Women played an important role in the Arab Spring revolutions, and their involvement is crucial to the ongoing political change in the region. To that end, the Harvard Law School Women’s Law Association sponsored an event presenting the perspectives of several HLS and Harvard Kennedy School women students from Egypt, Lebanon, and Saudi Arabia. The Women in the Arab Awakening panelists discussed their experiences as both activists in and observers of these events, and the subsequent impact the revolutions have had on women.
Farida Mortada, an LL.M. student who spent last year in Egypt, opened the discussion with a personal anecdote illustrating how women can be marginalized if they don’t insist on participating in the political process. She explained why she chose not to join protesters on 2011 International Women’s Day in Tahrir Square as they demanded equal rights and the right to hold office.
“I decided not to go to the protests because it just wasn’t the time for a women’s march, and there were so much more important things to think about, like the new constitution. I was really taken by bigger events and women’s rights did not seem like a priority. I was so wrong,” she said.
But she soon understood how women’s rights and the political revolution are interconnected. In the parliamentary elections months later, women won 10 out of the roughly 500 seats – two percent. Women hold just six spots on the committee of 100 leaders responsible for drafting the new constitution. The situation is getting more and more worrisome, Mortada said, because now there is no strong female presence in parliament to guarantee that women ever get power. Nor do they have a strong presence on the constitutional committee, hampering their ability to ensure that certain rights become entrenched in the constitution currently being drafted. She emphasized that it’s never the wrong time to fight for women’s issues.
Hanouf Alhazzaa, a visiting researcher at HLS who will begin her LL.M. studies in the fall, explained why her experiences in her native Saudi Arabia inspired her to pursue an education in America. She held a position in the Saudi government and headed its first department to address women’s land rights. But even though she was director of the department, she couldn’t sign any documents because it’s illegal for women to practice law. The experience inspired her to pursue a degree at the Law School in order to continue to work to change the system from within and by engaging others.
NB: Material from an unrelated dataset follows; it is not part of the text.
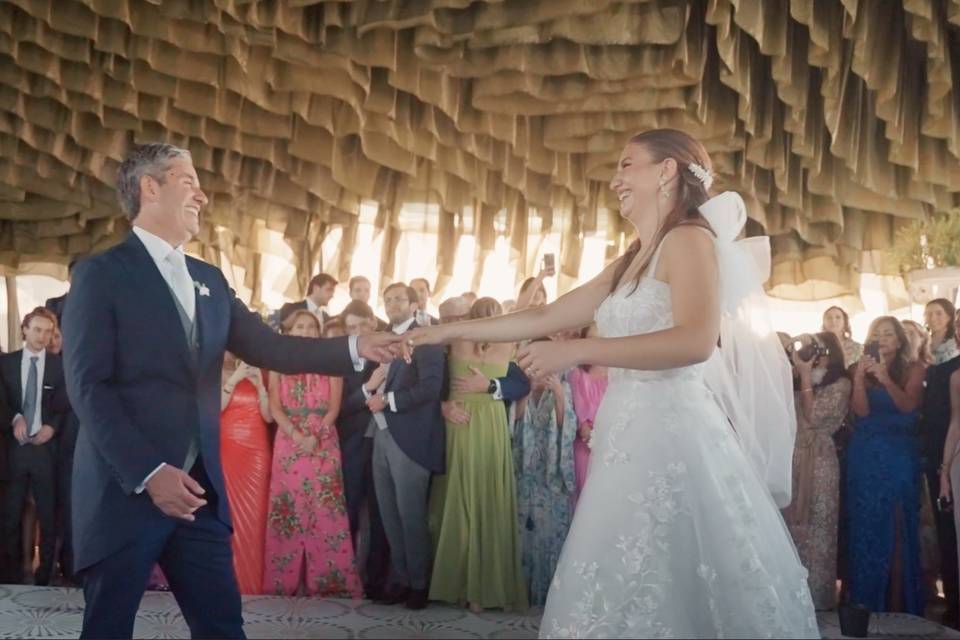 Grabación de momentos especiales durante el matrimonio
Hala Hanna contrasted Alhazzaa’s experience with her own in Lebanon. Civil society is stronger in Lebanon than in Egypt or Saudi Arabia, so women generally have more rights. She said that the problems facing all of the panelists stem from the system as a whole, so she instead discussed women’s movements across the Mideast, and not from the perspective of any one country.
“It is not revolutions or the Arab Spring that have a negative impact on women, but rather the preexisting conditions within society that brought us where we are today regarding women’s rights,” she said. “All the gains that women have achieved were somewhat imposed from above. It’s the king who is passing these laws. We’re lacking the grassroots movements that put weight on women’s issues.”
The struggle for women’s rights is common throughout the world – in Europe, in Latin America, and even here in the United States, where women are not equally represented in the political arena, Hanna said. The struggle for women’s rights is not unique to the Middle East, but now the work that women are doing to gain equality in that region is getting the attention that it needs.